[Short web captions]
::::
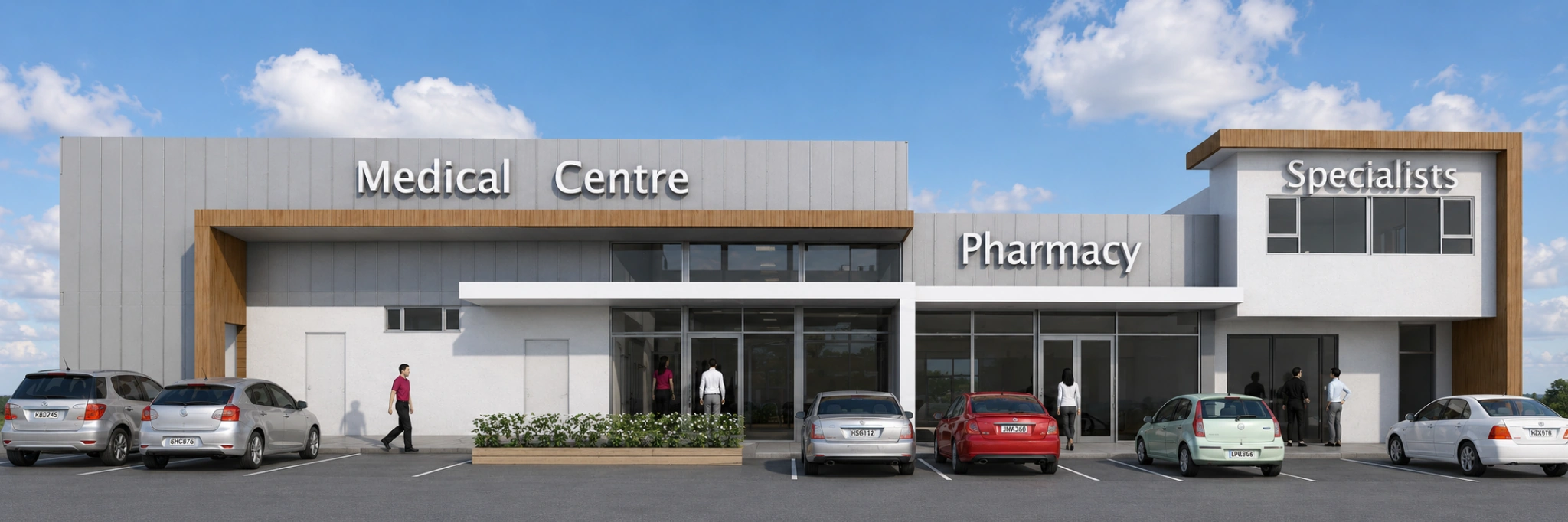 Rendered view of Queen Street Health Centre from Andrews Lane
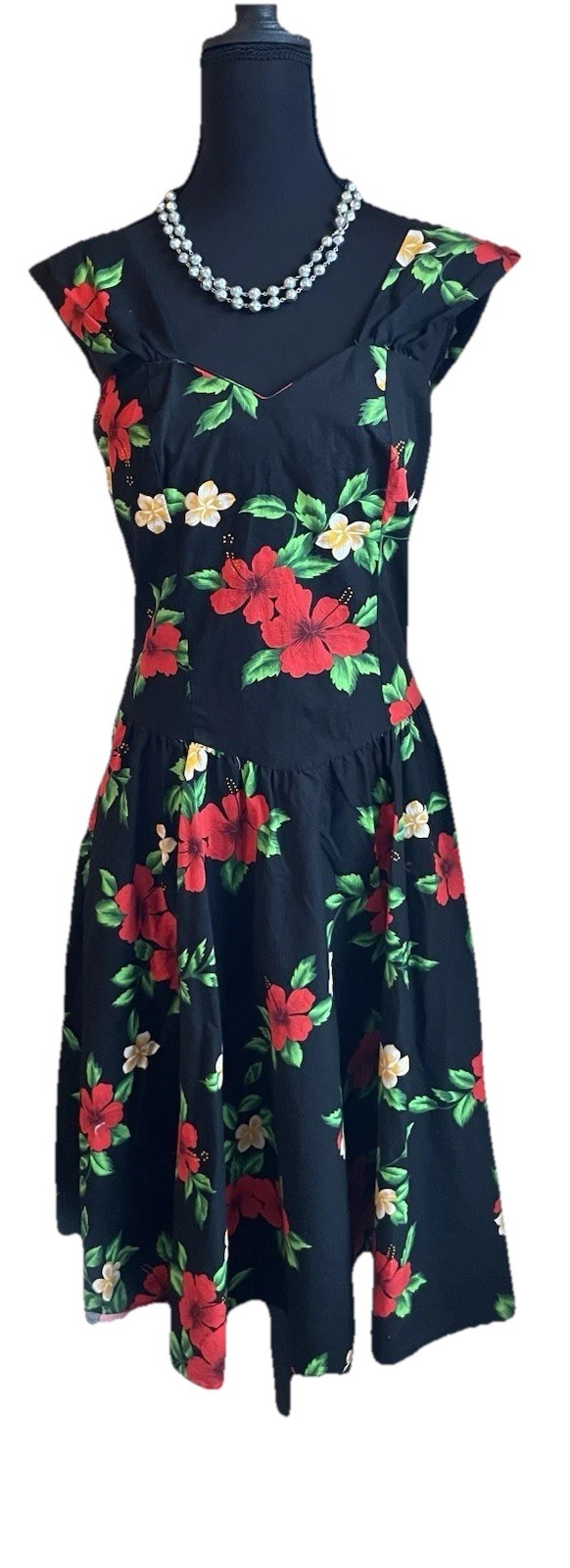 Retro Pinup 50’s Flare Vintage Royal Hawaiian Creation, Hibiscus Dress XL
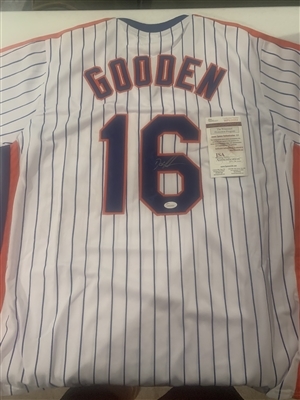NEW YORK METS DOC GOODEN SIGNED PINSTRIPE JERSEY 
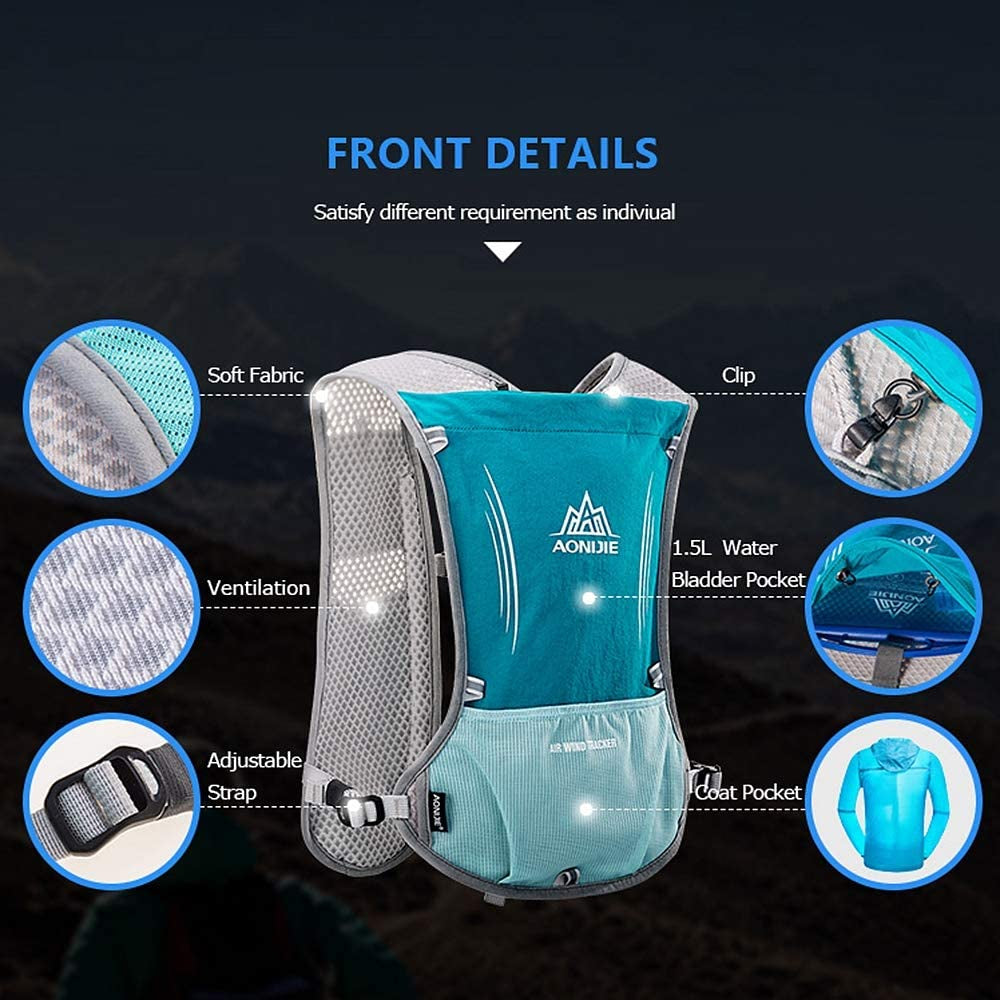 5L Marathon Running Hydration Vest Pack Backpack - Ideal for Runners in Races and Marathons
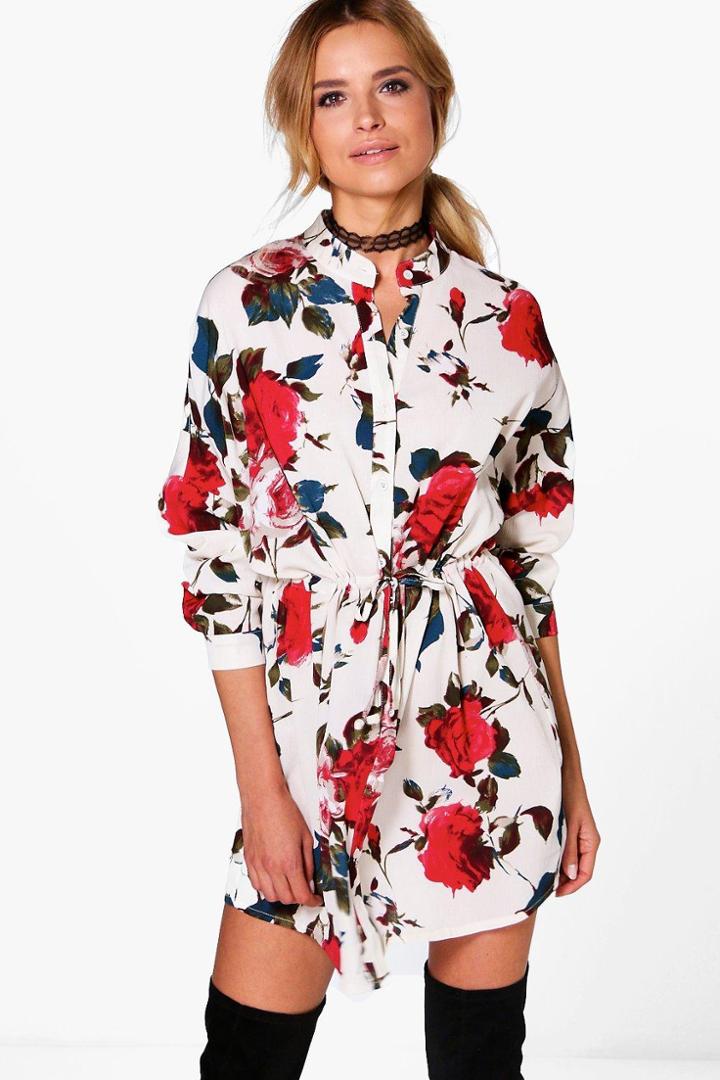 Boohoo Caitriona Floral Print Tie Waist Shirt Dress White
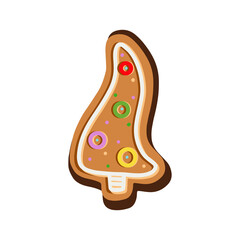Christmas cookies in the shape of a Christmas tree. Vector illustration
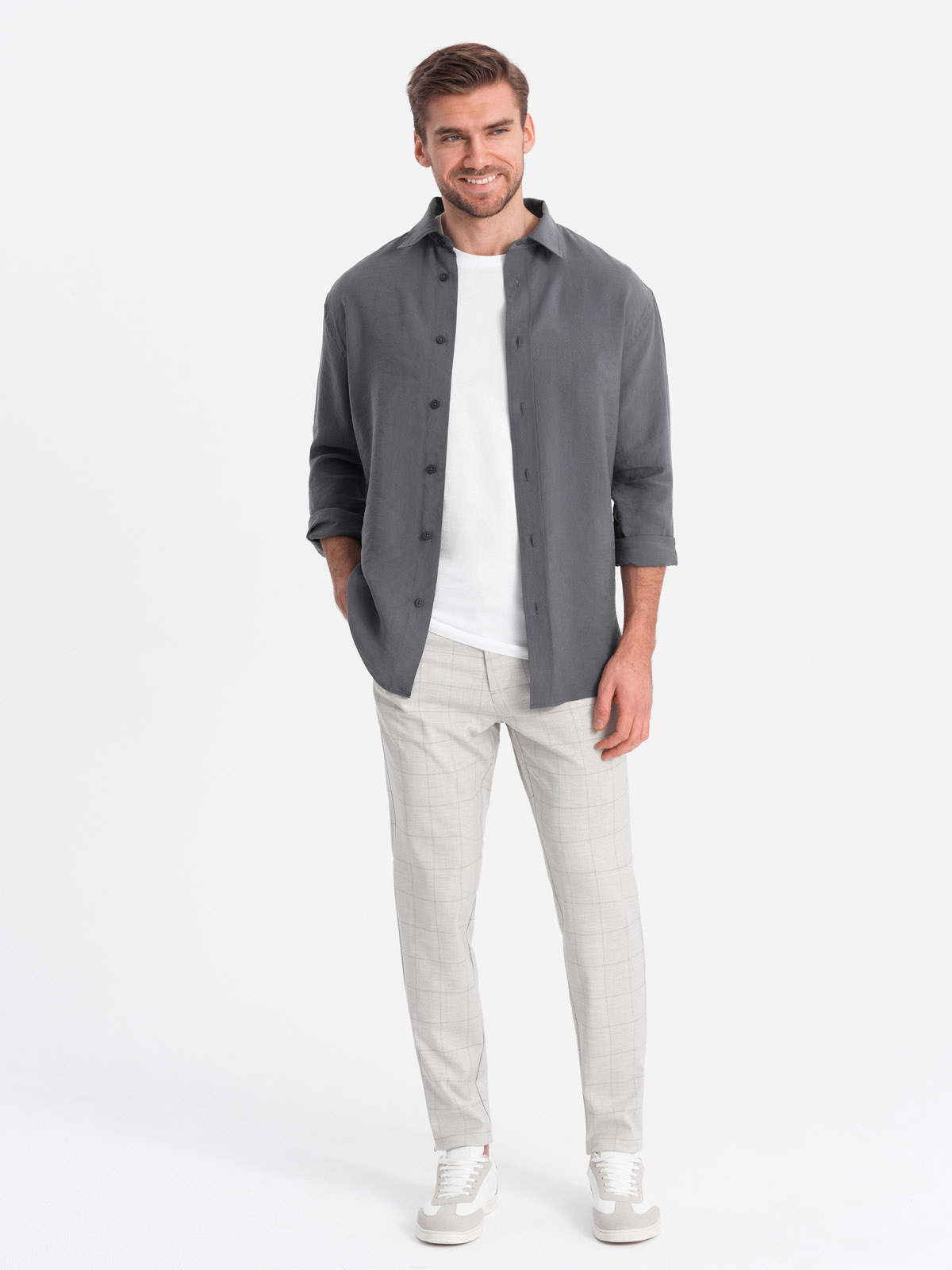 Ombre Clothing meeste ruudulised viigipüksid - Image 1
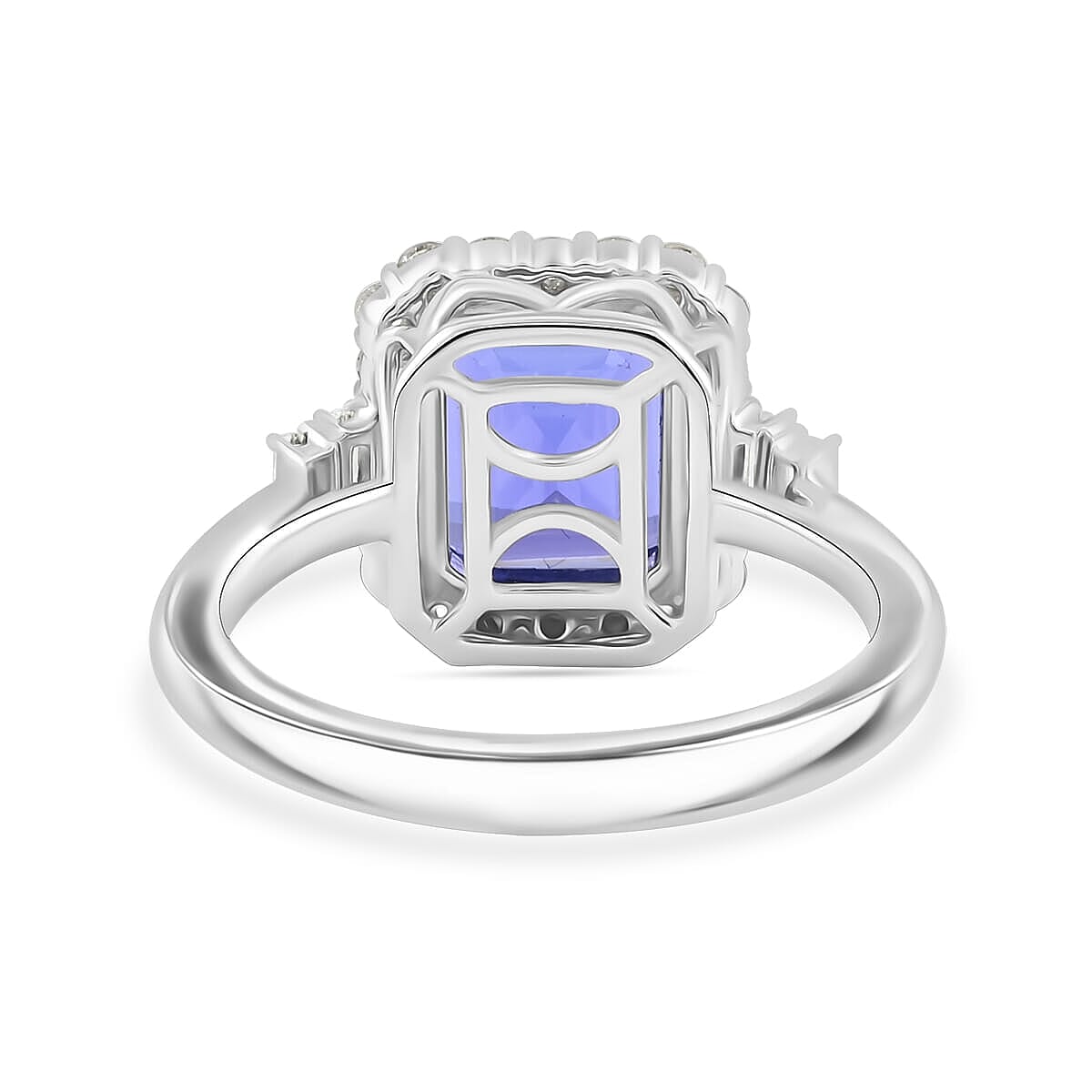 Certified & Appraised Rhapsody AAAA Tanzanite and E-F VS Diamond 4.00 ctw Ring in 950 Platinum (Size 8.5) 7.20 Grams image number 4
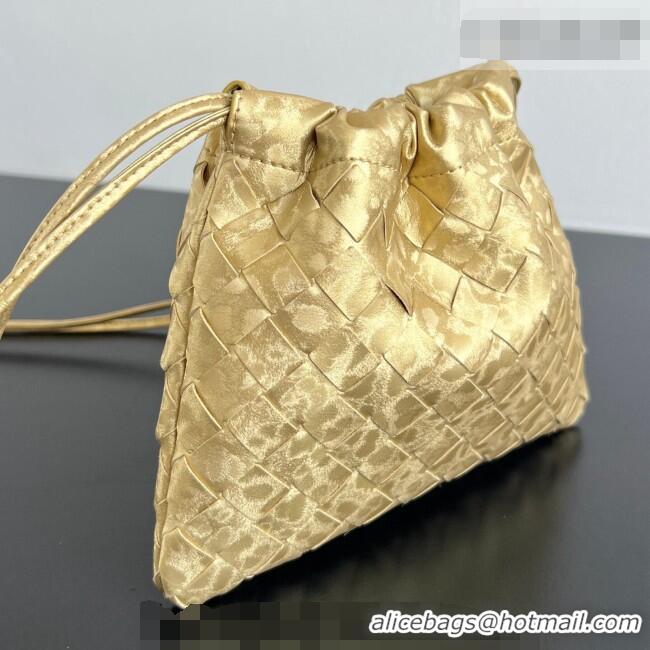 Buy Discount Bottega Veneta Small Dustbag in Intrecciato Lamina Satin Leather 816987 Gold 2026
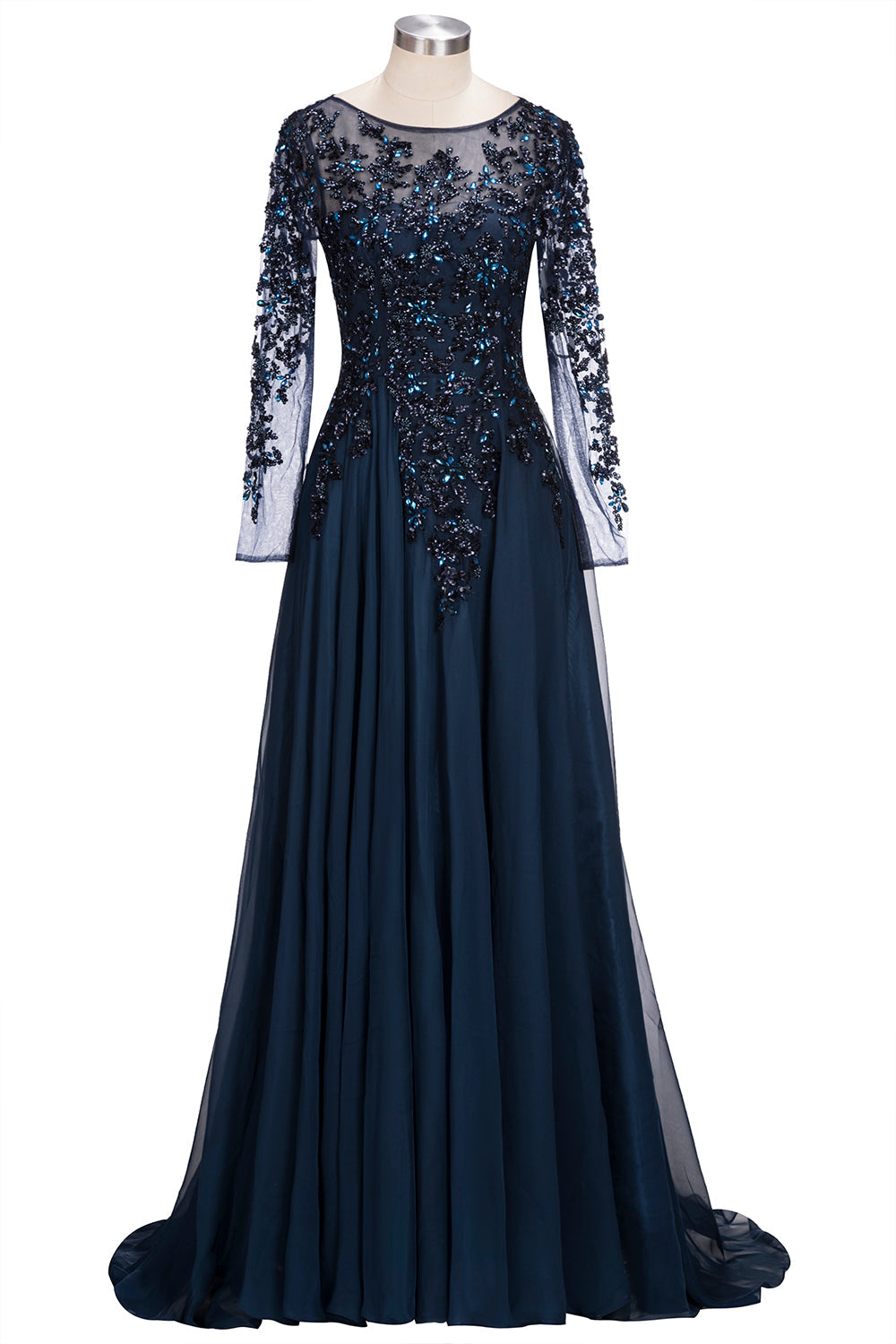 Dark Navy Long A-line Jewel Tulle Formal Evening Dresses with Sleeves-BIZTUNNEL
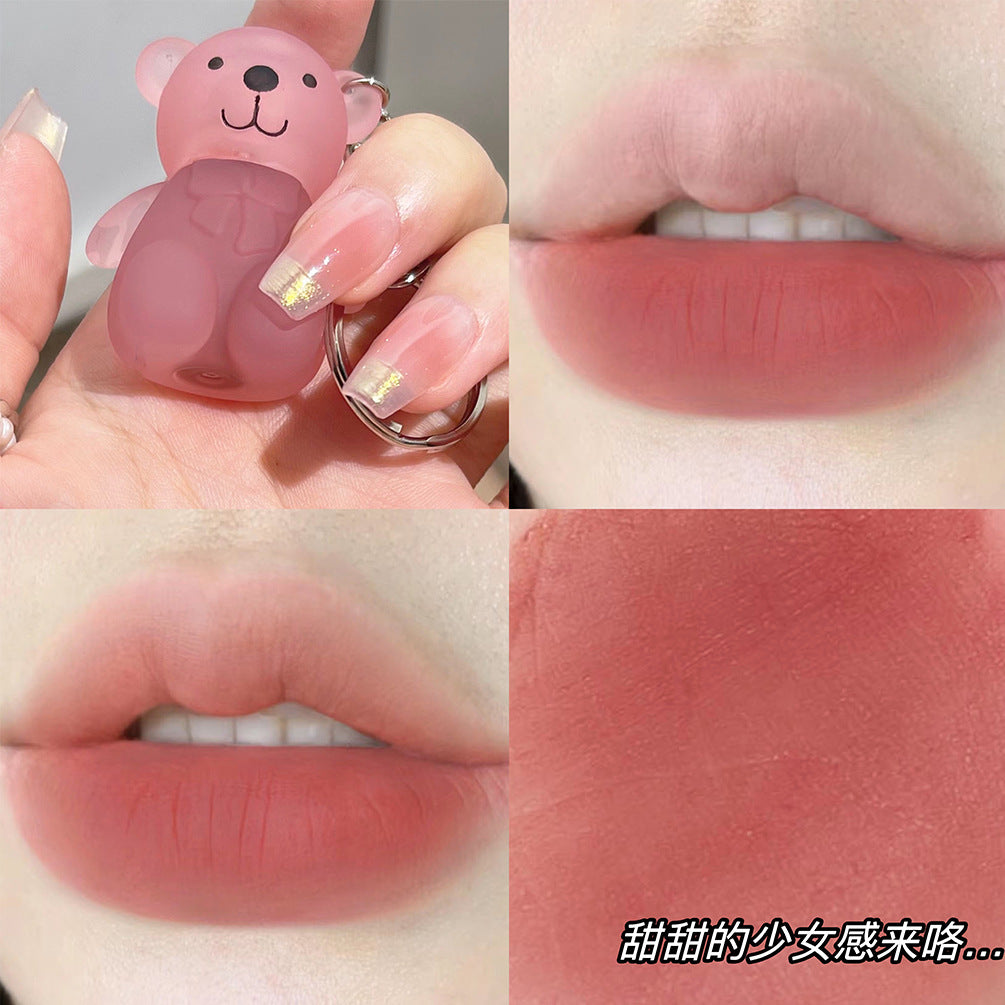 Art Value Cute Bear Velvet Lip Mud Soft Mist Whitening Silky Lip Glaze Low Saturation Tone Versatile Affordable 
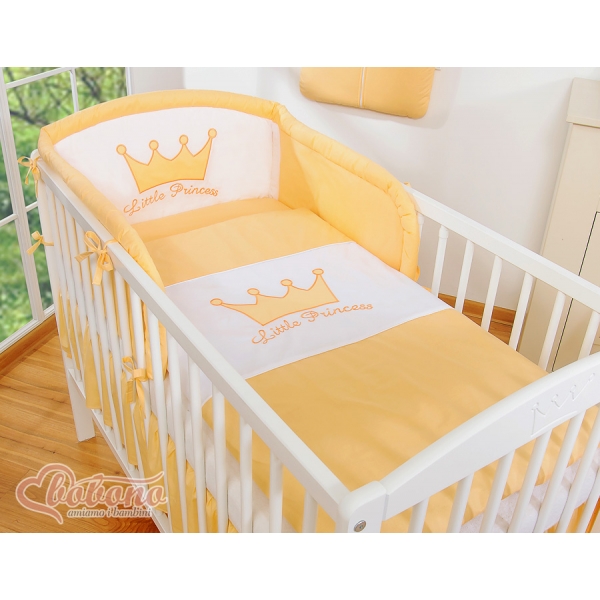 Für Babybett Bettwäsche Set 2-tlg - Little Prince/Princess pfirsich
::::
▶ EXERCISE DESCRIPTION:
Repeat the records in full, exactly as they appear, but with the pictures removed.

▶ RESULT OF THE TASK:
 Rendered view of Queen Street Health Centre from Andrews Lane
 Retro Pinup 50’s Flare Vintage Royal Hawaiian Creation, Hibiscus Dress XL
NEW YORK METS DOC GOODEN SIGNED PINSTRIPE JERSEY 
 5L Marathon Running Hydration Vest Pack Backpack - Ideal for Runners in Races and Marathons
 Boohoo Caitriona Floral Print Tie Waist Shirt Dress White
Christmas cookies in the shape of a Christmas tree. Vector illustration
 Ombre Clothing meeste ruudulised viigipüksid - Image 1
 Certified & Appraised Rhapsody AAAA Tanzanite and E-F VS Diamond 4.00 ctw Ring in 950 Platinum (Size 8.5) 7.20 Grams image number 4
 Buy Discount Bottega Veneta Small Dustbag in Intrecciato Lamina Satin Leather 816987 Gold 2026
 Dark Navy Long A-line Jewel Tulle Formal Evening Dresses with Sleeves-BIZTUNNEL
 Art Value Cute Bear Velvet Lip Mud Soft Mist Whitening Silky Lip Glaze Low Saturation Tone Versatile Affordable 
 Für Babybett Bettwäsche Set 2-tlg - Little Prince/Princess pfirsich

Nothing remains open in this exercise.